By Jeff Bater
Jan. 22 — The Consumer Financial Protection Bureau (CFPB) is running out of time before the 2016 election could bring a possible change in direction — or an entirely new structure should Republicans take the White House.
Left unfinished in 2015 are a series of significant rulemakings affecting debt collection, prepaid products, mandatory arbitration clauses, and payday loans.
The CFPB needs to pick up the pace of its rulemaking “if the agency intends to make a dent in its agenda before the end of [Director Richard] Cordray's term or changes to the CFPB's structure are imposed, whichever comes first,” Jonathan L. Pompan, a partner at Venable LLC, told Bloomberg BNA in an e-mail.
In the meantime, Pompan predicted the “CFPB will continue to make examination findings and bring enforcement actions that are groundbreaking and test the boundaries of the agency's authority, fair notice, and due process.”
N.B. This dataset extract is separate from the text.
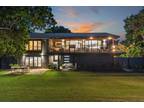 Home For Sale In Paia, Hawaii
Tony Alexis, the CFPB's enforcement director, told an American Bar Association conference Jan. 8 that he expects the bureau to be “very active” on debt collection, mortgage servicing and student loans.
The CFPB is also likely to focus on marketplace lending activities, fair lending and aggregators who collect consumers' personal financial information, Jolina Cuaresma, an attorney at White & Case, told Bloomberg BNA in an e-mail.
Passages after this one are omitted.